Classical mechanics, first described by Sir Isaac Newton in the 17th century, describes the macroscopic objects that are measurable and observable to the naked eye and that people interact with every day, according to Rimberg. Quantum mechanics, which scientists began to research in the 20th century, describes the behavior of extremely small particles such as electrons, Rimberg said.
"The problem is that we don't know how to connect [classical and quantum mechanics] to each other," Rimberg said in an interview with The Dartmouth. "We don't understand how stuff in the classical world arises out of what we know is going on at the quantum mechanical level."
Rimberg, along with a team of researchers including physics professor Miles Blencowe and graduate student Joel Stettenheim, identified a connection between classical and quantum mechanics by creating movement in a macroscopic metal crystal with a stream of electrons, according to Rimberg.
"We are trying to understand the connection between the microscopic and macroscopic worlds by investigating the properties of objects that straddle in size the two worlds," Blencowe said in an e-mail to The Dartmouth.
The research team which began working in 2007 started the process by sending a stream of electrons through a "tunnel barrier" in a semiconducting crystal, which facilitates the movement of electrons, Rimberg said.
"A tunnel barrier is like if you're standing in front of a wall with a baseball if you don't throw it high enough, it won't go over the wall," he said. "For quantum mechanical electrons there's a different option. If they don't have enough energy to go over the wall, there's a chance they can go through the wall, and this is called tunneling."
Researchers used the movement of electrons through the tunnel barrier to create electrical fields with several different frequencies, and the semiconducting crystal responded by vibrating at its "favored frequency," Rimberg said.

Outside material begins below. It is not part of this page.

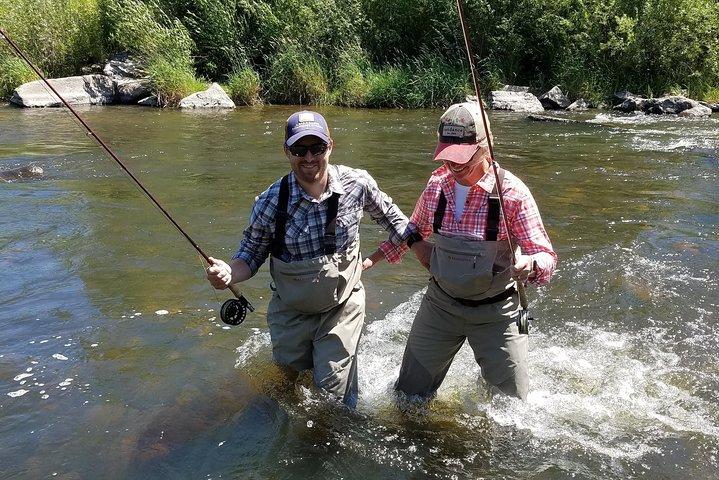 Guided Fly Fishing Experience in Park City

"It's sort of like the semiconductor is a piece of crystal, like a wine glass that if you wet your finger and run it around the rim it starts to vibrate," he said. "It's a resonance in the same being excited by these tunneling electrons."
The vibrating crystal acted as a "piezoelectric object," Rimberg said, or an object which changes shape when it contacts an electrical field.
"There's a huge difference in the size of the [electrons] and the size of the [crystal]," Rimberg said. "It's like taking a flea and putting it on Mt. Everest and having the flea jump up and down and making the mountain move back and forth by meters."
The electrical field was characterized by a difference of approximately 10, 000 electrons, while the crystal was "big enough to pick up with your fingers."
"We live in a classical world, but we know deep down inside everything is quantum mechanical," Rimberg said.
Rimberg said that he will continue to focus on drawing additional connections between the worlds of classical and quantum mechanics. His future work will investigate the chaos theory a phenomenon in classical mechanics which scientists cannot use the initial state of an object to predict its state after a certain time period that has no known counterpart in quantum mechanics.
Rimberg said that he will use the findings of his study in his investigation of a chaotic system that is nonlinear and strongly quantum mechanical.
"It's the kind of stuff that makes you glad you're doing science," Rimberg said. "It's fun to solve the puzzle and it reminds you why you do this stuff because you don't know everything."
Stettenheim did not respond to requests to comment by press time.